Synthesis and characterisation of oligodeoxynucleotides containing thio analogues of (6-4) pyrimidine—pyrimidinone photo-dimers

Abstract

A method for the preparation of an oligodeoxynucleotide, 20 bases in length, containing centrally located thio analogues of (6-4) pyrimidine-pyrimidinone thymine photo-dimers is reported. The approach is based on the selective irradiation, at 350 nm, of a Tp^4ST (^4ST=4-thiothymidine) step within a 20-mer having the sequence: d(ACTCGGACCT(^4ST)CGCTGTGAT). Conversion of the S⁵-(6-4)/S⁵-thietane pyrimidine-pyrimidinone, initially formed, to its S⁵-Dewar isomer is by a subsequent irradiation at 300 nm. Both of the photo-dimer-containing oligonucleotides were purified by HPLC (ion exchange and reverse phase) and characterised by base composition analysis. The S⁵-(6-4)/S⁵-thietane pyrimidine-pyrimidinone containing 20-mer has a characteristic UV absorbance at 320 nm and exhibits strong fluorescence when excited at this wavelength.
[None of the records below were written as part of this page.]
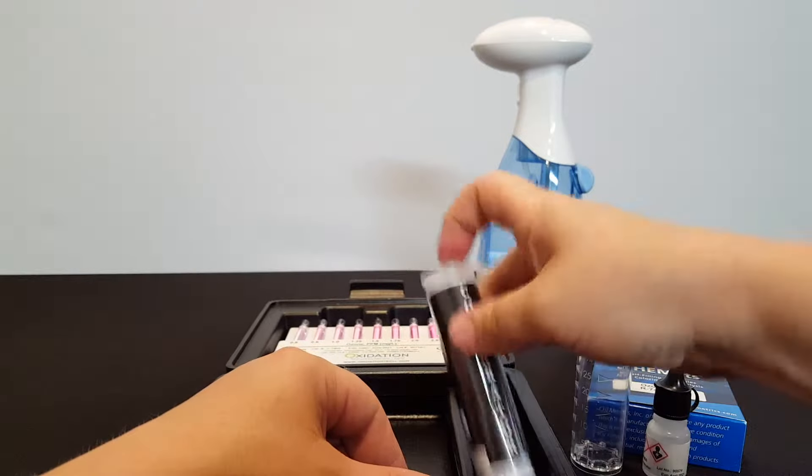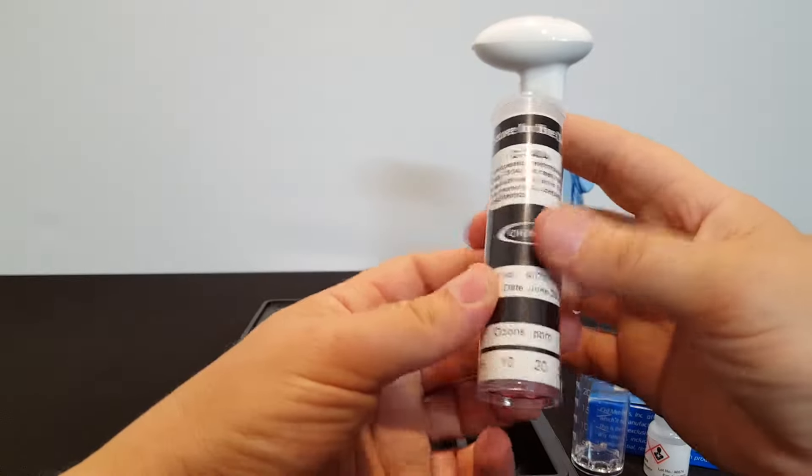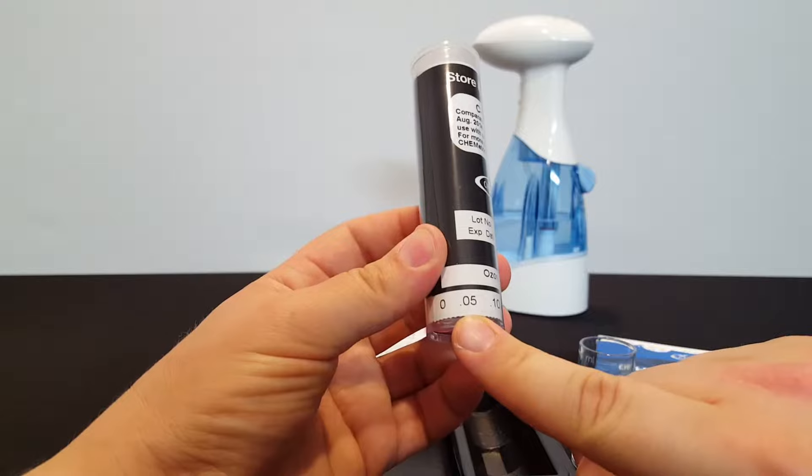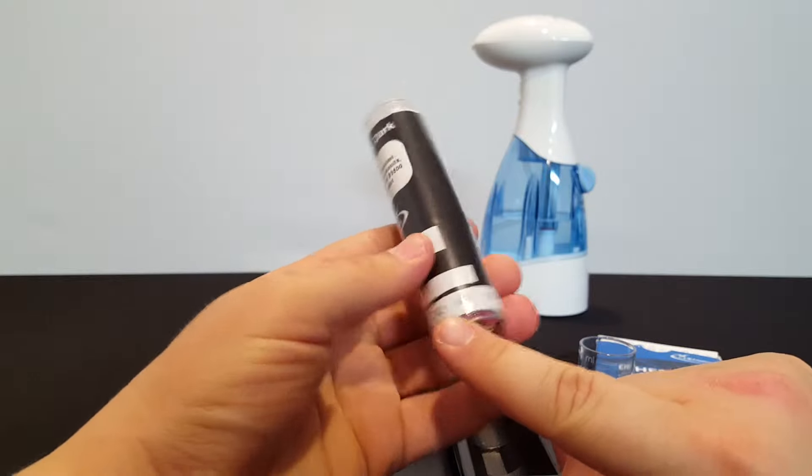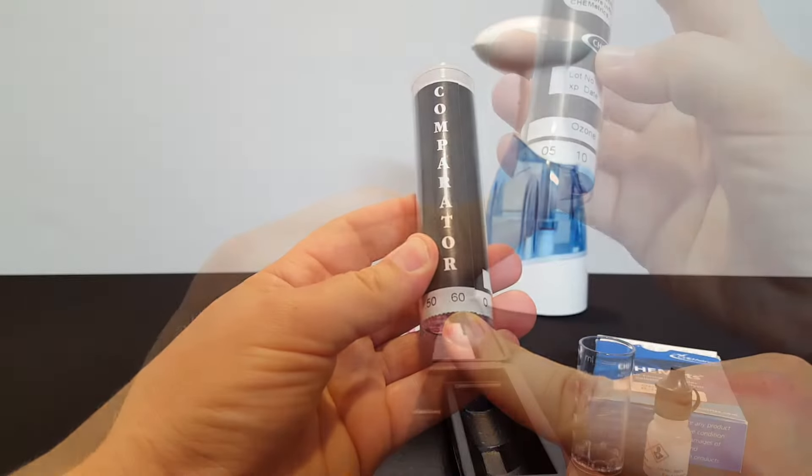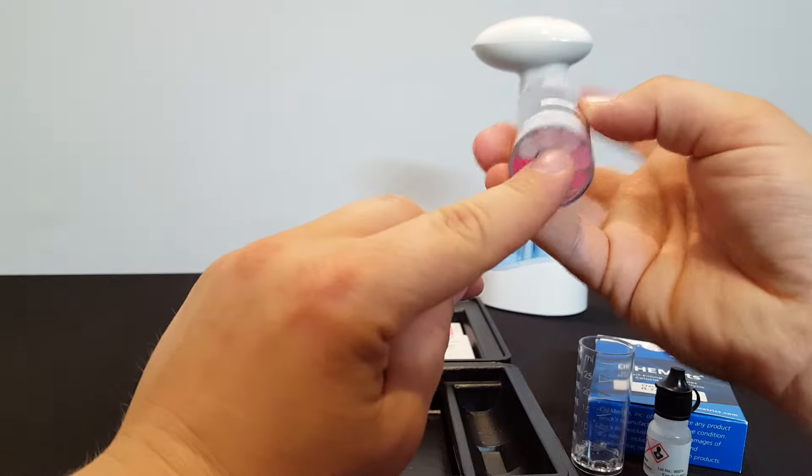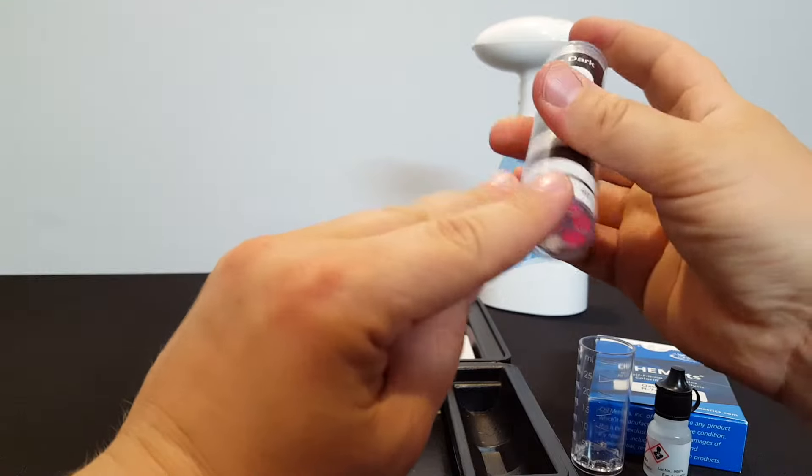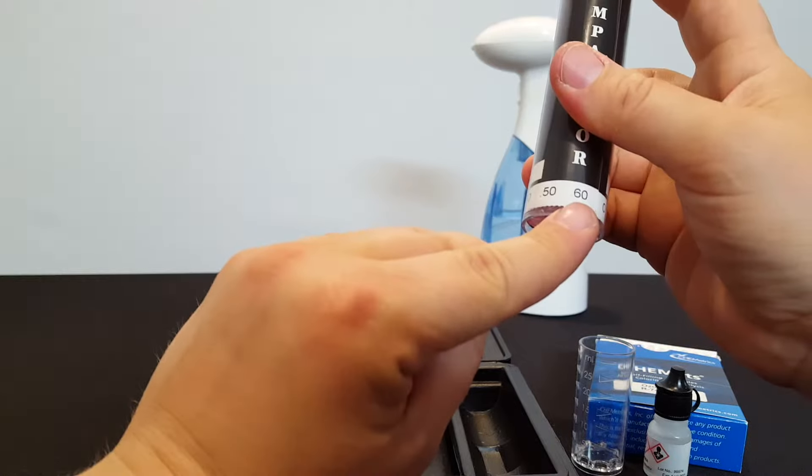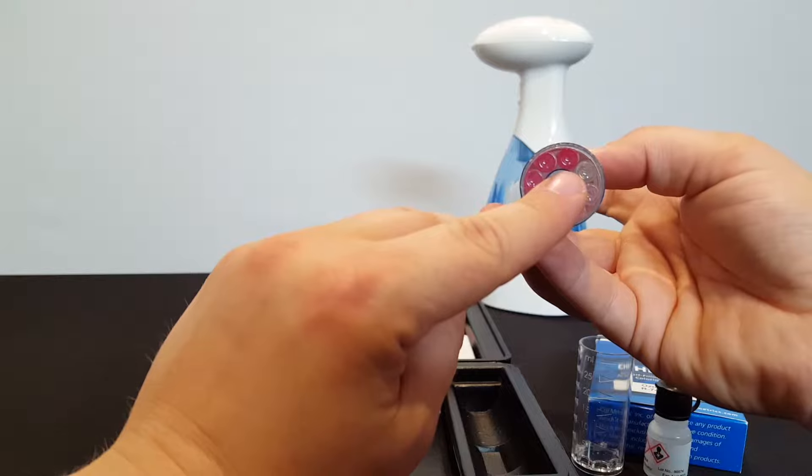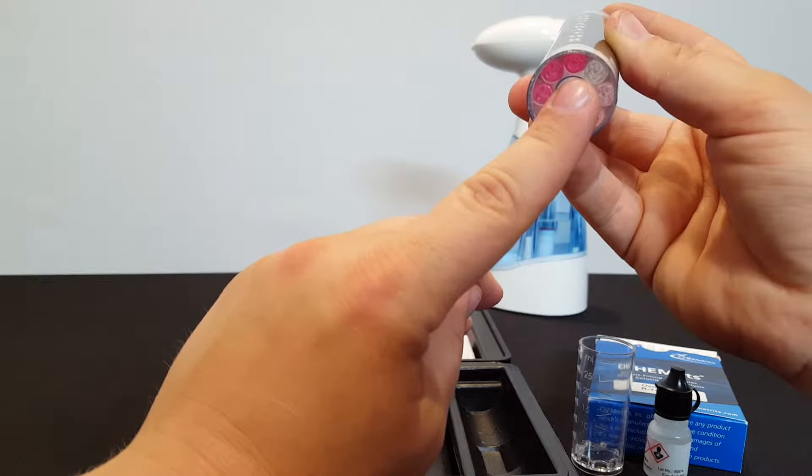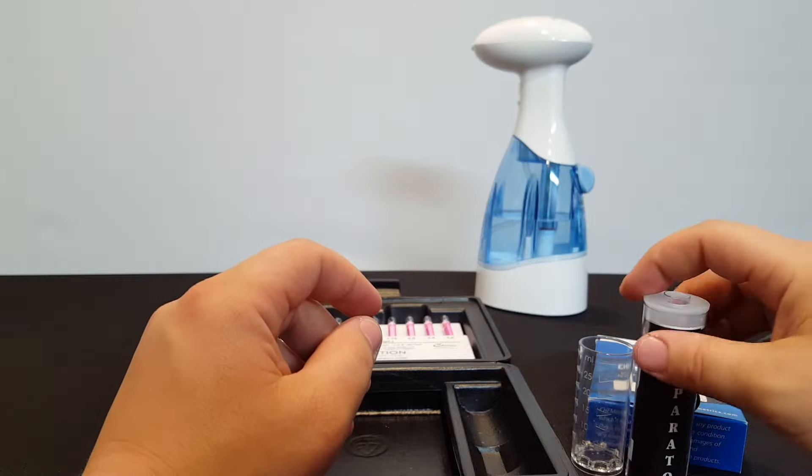The other parts of the kit that are reusable are the comparators. There's two comparators. The lower level comparator goes from 0.05 parts per million dissolved ozone, which is a very low pink color, up to 0.6 parts per million, which is a darker pink color. Darker pink indicates more dissolved ozone.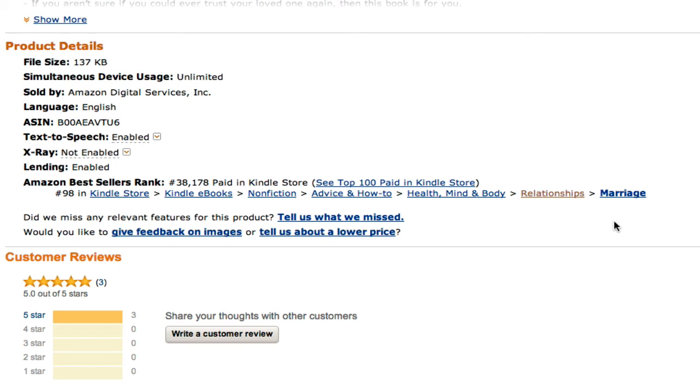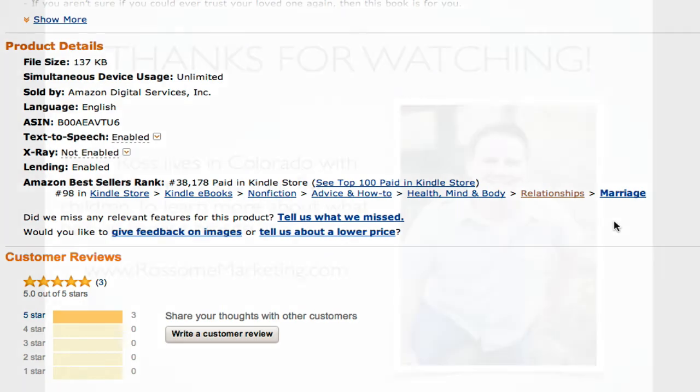It's really cool, and I just want to encourage you that it is possible to actually make some money on the Kindle eBook store. So I'll talk to you next time. Thanks for watching.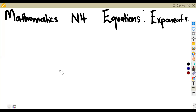Welcome back to Med Zone African Motifs, still on our mathematics. This time we want to focus on equations — specifically exponential equations — as a separate working section.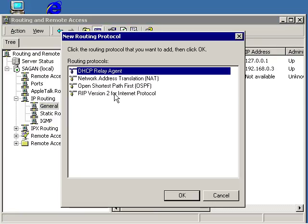Select DHCP Relay Agent from the list of routing protocols, then click the OK button.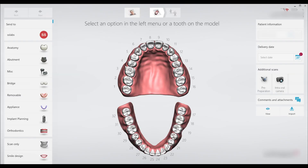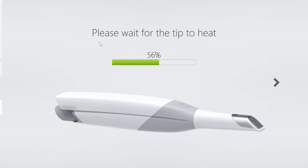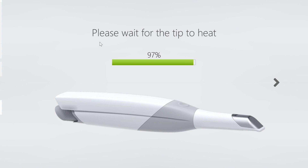After filling in the patient's information into your scanner system, wait for the scanner to defog before starting the scan. Most scanners will take a few seconds to heat the tip and prevent fogging of the lens when inserted into the patient's mouth.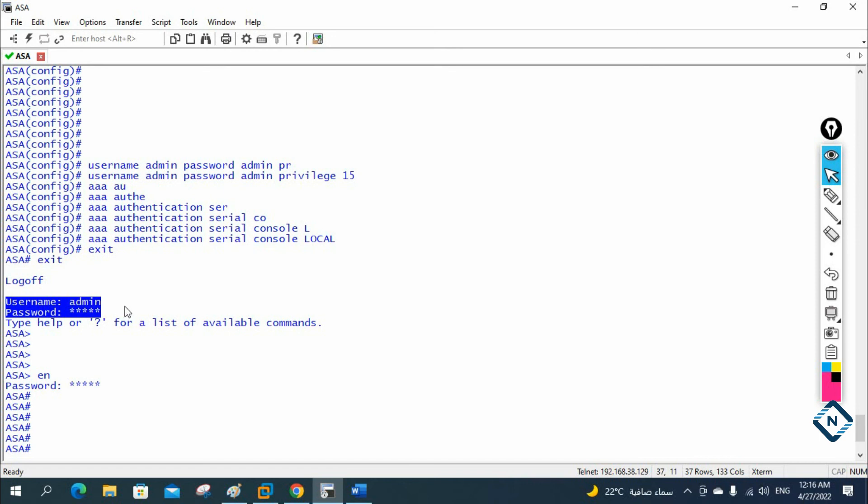In our next class, we are going to learn how we can configure Telnet and how we can use Telnet in the ASA firewall. Thank you.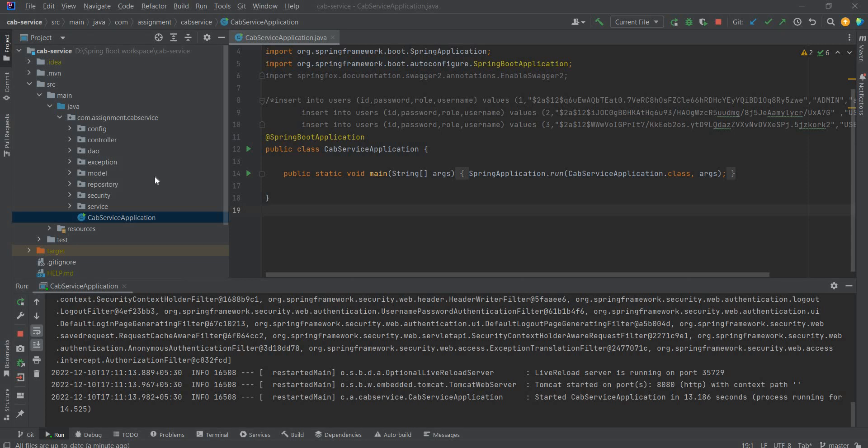Hi, I am Shashang. In this video, I will be demonstrating the backend application assignment that is cab booking system, which is built using Spring Boot framework and MySQL database.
As expected, conversion to the S⁵-Dewar isomer abolished both the 320 nm absorbance and the fluorescence emission. The lengths of the oligonucleotides produced allowed the formation of stable double-stranded DNA, by hybridisation to a complementary sequence. Examination of these duplexes by circular dichroism spectroscopy showed that they formed B-DNA, with little changes to their gross structure as compared to the parent duplex. However, local structural perturbations in the region of the photo-dimer cannot be excluded. The S⁵-(6-4)/S⁵-thietane photoproduct lowered the t_mby 10.5 deg. C and the Dewar isomer by 12 deg. C. The degree of curvature induced in the DNA sequence by the introduction of the photo-dimers was assessed by analysing the migration of modified and unmodified multimer ladders on polyacrylamide gels. Both photoproducts induced considerable bending into the DNA. A comparison with a six-base-pair T tract, a bending standard that has a known bend angle of 19°, gave values of around 47° for the S⁵-(6-4)/S⁵-thietane product and about 28° for the S⁵-Dewar isomer.